Pogo - distributed supervisor for Elixir

Pogo is a distributed supervisor for clustered Elixir applications.

It uses battle-tested distributed named process groups (:pg) under the hood to maintain cluster-wide state and coordinate work between local supervisors running on different nodes.

Features of distributed supervisor:

  • automatically chooses a node to locally supervise child process
  • a child process running in the cluster can be started or stopped using any local supervisor
  • ensures a child is started only once in the cluster (as long as its child spec is unique)
  • redistributes children when cluster topology changes

In that aspect it’s similar to Horde or Swarm, but doesn’t provide a distributed registry (Horde and Swarm do). Internals obviously are different - Horde uses āˆ‚-CRDT, Swarm uses Interval Tree Clock for synchronization. Pogo’s local supervisors don’t exchange messages to synchronize state, but rely on Erlang’s process groups, observe their memberships and adjust their local state based on it.

For anyone interested, Pogo’s inner workings have been detailed in an introductory blog post :writing_hand:.
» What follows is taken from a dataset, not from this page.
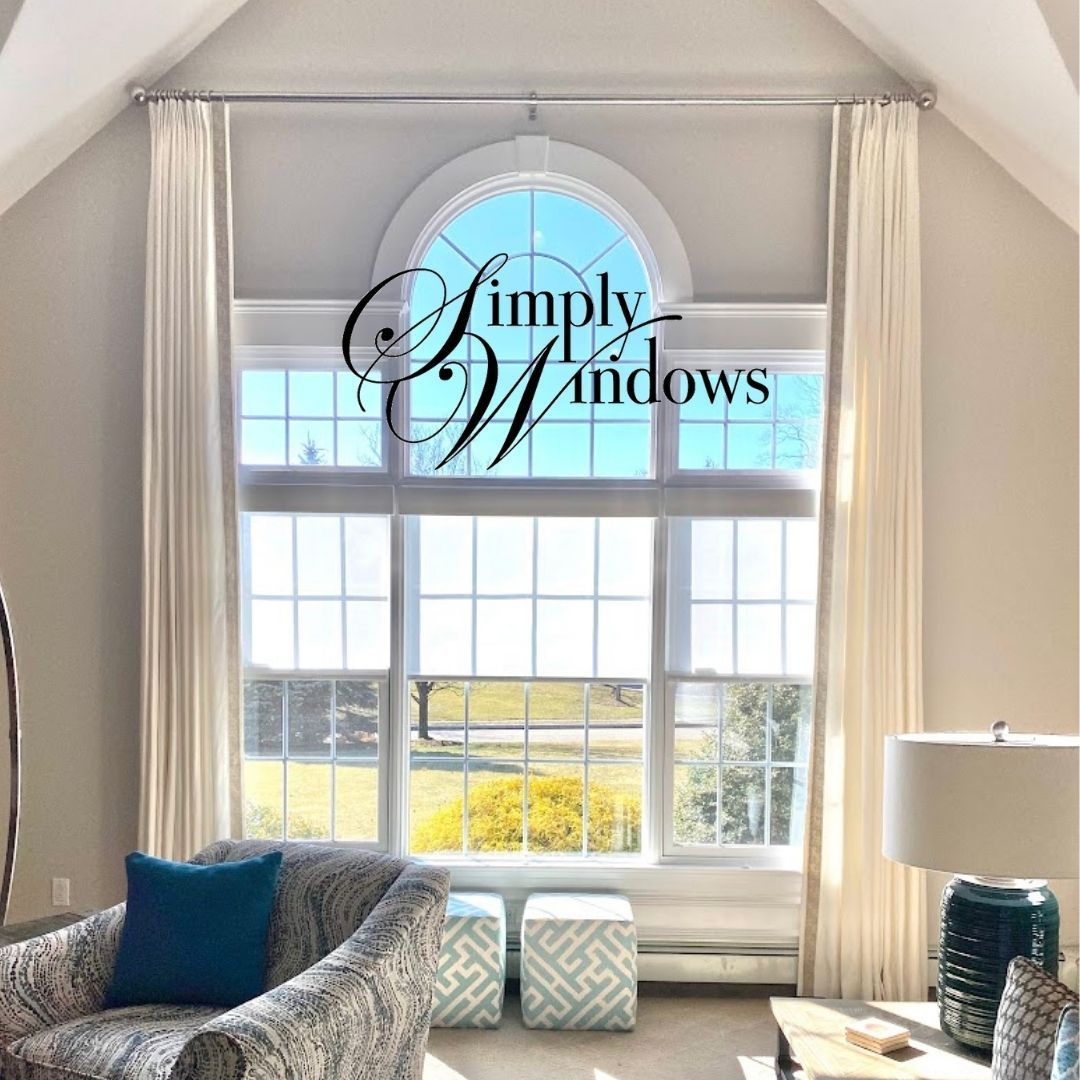 Living room with large arched window, white curtains, and furniture. Logo overlay reads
To provide some context, the library was developed at Telnyx as an alternative to Horde as we couldn’t overcome some problems that TBH could have been peculiar to our environment (20+ node cluster with quite dynamic membership). Not that it went smoothly :slight_smile: but since version 0.3 it’s been quite stable.

11 Likes

Thanks for this cool library!

I have several questions:

Does is mean that in case of network split, there will be two instances of the same child_spec: one in the part of network, which is not connected to the leader, and one which is a process, restarted by the topology change? Or will the disconnected from the leader part of the cluster just kill all local children?
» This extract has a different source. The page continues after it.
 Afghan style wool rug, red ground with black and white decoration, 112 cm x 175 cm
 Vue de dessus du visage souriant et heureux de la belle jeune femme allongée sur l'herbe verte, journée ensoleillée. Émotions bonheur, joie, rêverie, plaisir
In case of a network split there will be two instances of each child process as there is no concept of a leader or majority in pogo. Once the connectivity is restored, extraneous instances will get terminated.

1 Like

Hello,

Could you please tell the status of the lib ? still actively maintained ?
Has it been thoroughly tested in production apps ?

I’m looking for distributed libs to globalize genserver across cluster nodes.

I was going to use Horde but unfortunately the maintainer does not fix issues anymore. (I don’t blame him for it).
Swarm seems to have been abandoned.

It seems there’s not so many options left…

Have you looked at :process_hub?

It’s in alpha stage. I’m hesitant to use it for a production app.

Have you used it ?

Only for small-scale projects.

Did you encounter any issues ?

I only encountered 1 issue, and I fixed it here: Fix `stop_child` when using string IDs for the children by peaceful-james Ā· Pull Request #1 Ā· alfetahe/process-hub Ā· GitHub

Just follow your gut and pick whichever library feels right to you. Whatever you choose, I think you will have to at some point read the source code to understand what is happening.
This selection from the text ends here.